Marc was a Navy brat whose childhood was spent moving from one Navy base to another across the country. When Marc was in high school, his dad was transferred to the Oakland Navy Base. After he graduated from high school (1966), Marc attended Cal State-Hayward (now Cal State East Bay), where he joined the YSA, and, soon after, the SWP. There he became very active in the campus chapter of the Student Mobilizing Committee. (Robin David remembers recruiting Marc to the YSA in 1970.)

Around that time, Marc moved to New York City to work at the SWP’s print shop. From there he accepted the party assignment to help build the branch in San Diego. (James Odling remembers meeting Marc in 1972 in San Diego.)

From there, Marc was transferred to the SWP branch in Los Angeles, where he became a locomotive engineer during the SWP’s “turn to industry.” After he suffered an accident on the job, Marc went back to school at Cal State-Los Angeles, where he earned his teaching credential in 1993. He went on to teach computer studies and science at Belvedere Middle School.

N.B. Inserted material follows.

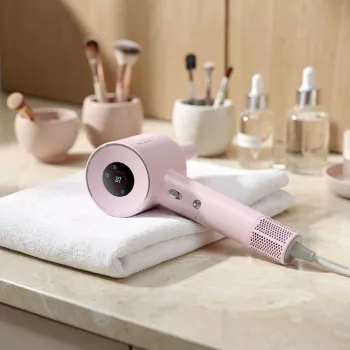 ETA Fenité Pastels Matu žāvētājs 1600 W Jonu Gaiši Rozā ar Difuzoru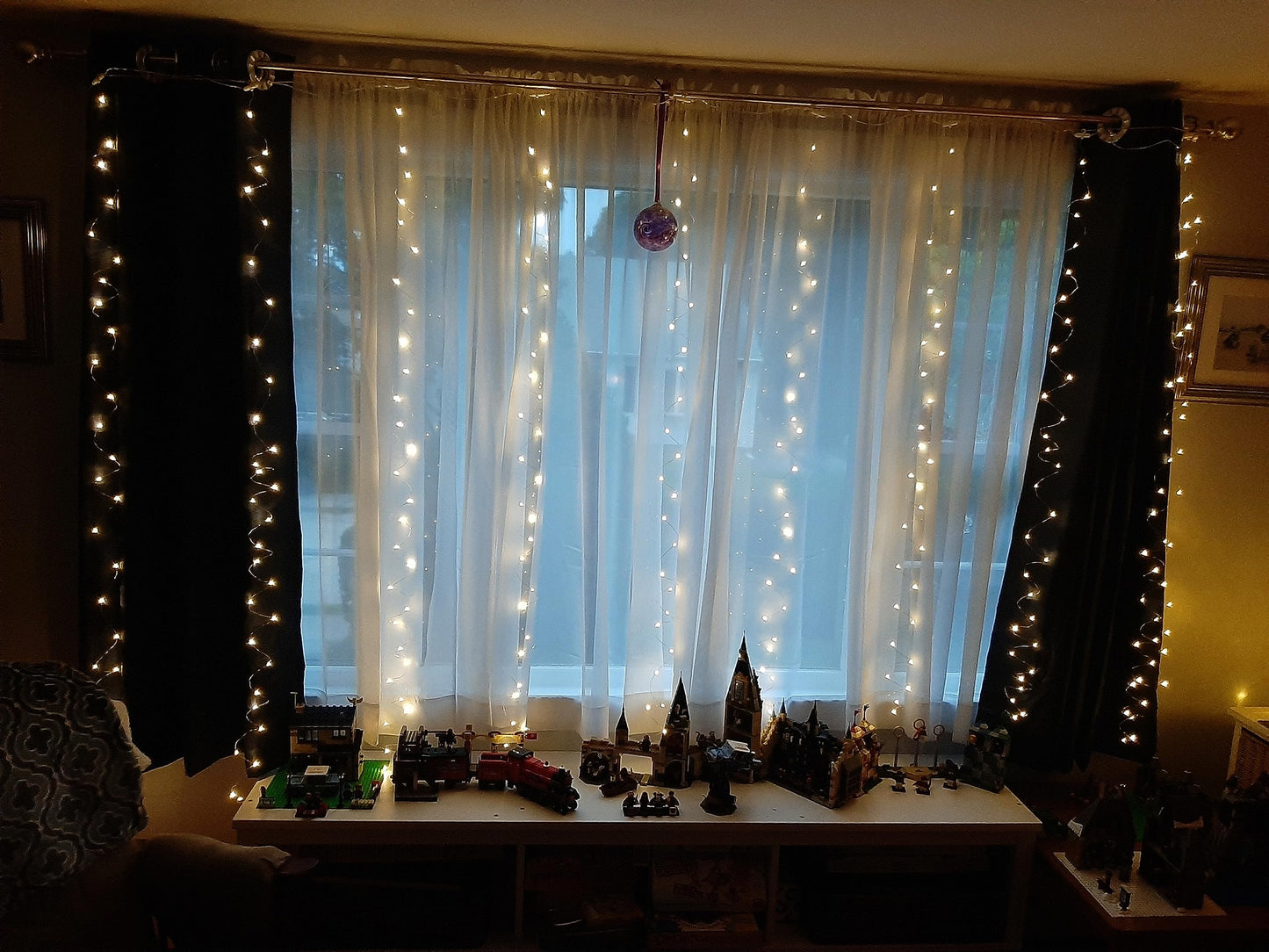 Honche 300Led Fairy Curtain String Lights 10x10ft with Remote Window Lights for Bedroom Wedding Party Festive Season Propose Christmas Decoration(Warm White)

For more than two decades, Marc was active in his union, United Teachers of Los Angeles, serving as a delegate to the union’s delegate body, the House of Representative, and as a delegate from UTLA to the Los Angeles County Federation of Labor. Following his retirement, he remained active in his union’s retiree committee and in a coalition about which he was passionate: The Trinational Coalition in Defense of Public Education. He also was active building the cross-border campaigns of the Binational Conference Against “Free Trade” and the Wall of Shame.

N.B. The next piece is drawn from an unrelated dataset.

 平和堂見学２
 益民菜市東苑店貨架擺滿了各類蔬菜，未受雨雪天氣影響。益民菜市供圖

Marc’s political history is one of steadfast commitment to the program of the Fourth International: The Transitional Program for Socialist Revolution. When the Barnes leadership of the SWP began dropping key tenets of this program in the late 1970s — notably the entire concept of Permanent Revolution — Marc was among the SWP members who responded to the call to form an opposition tendency in the SWP in defense of Marxism.

Marc was a founding member of Socialist Action in 1984. In 1991, he joined with a number of veteran Trotskyist militants, including a handful of members who founded the SWP in 1938, to found Socialist Organizer. He was adamant about the need to defend the continuity and relevance of our program, rejecting the SA leadership’s refusal to break with the United Secretariat, the international current led by Ernest Mandel, which also had thrown our historic program overboard.

For 31 years, until his death, Marc remained a proud member of Socialist Organizer and of the OCRFI, where he played an active role in transmitting our political heritage to a layer of younger comrades.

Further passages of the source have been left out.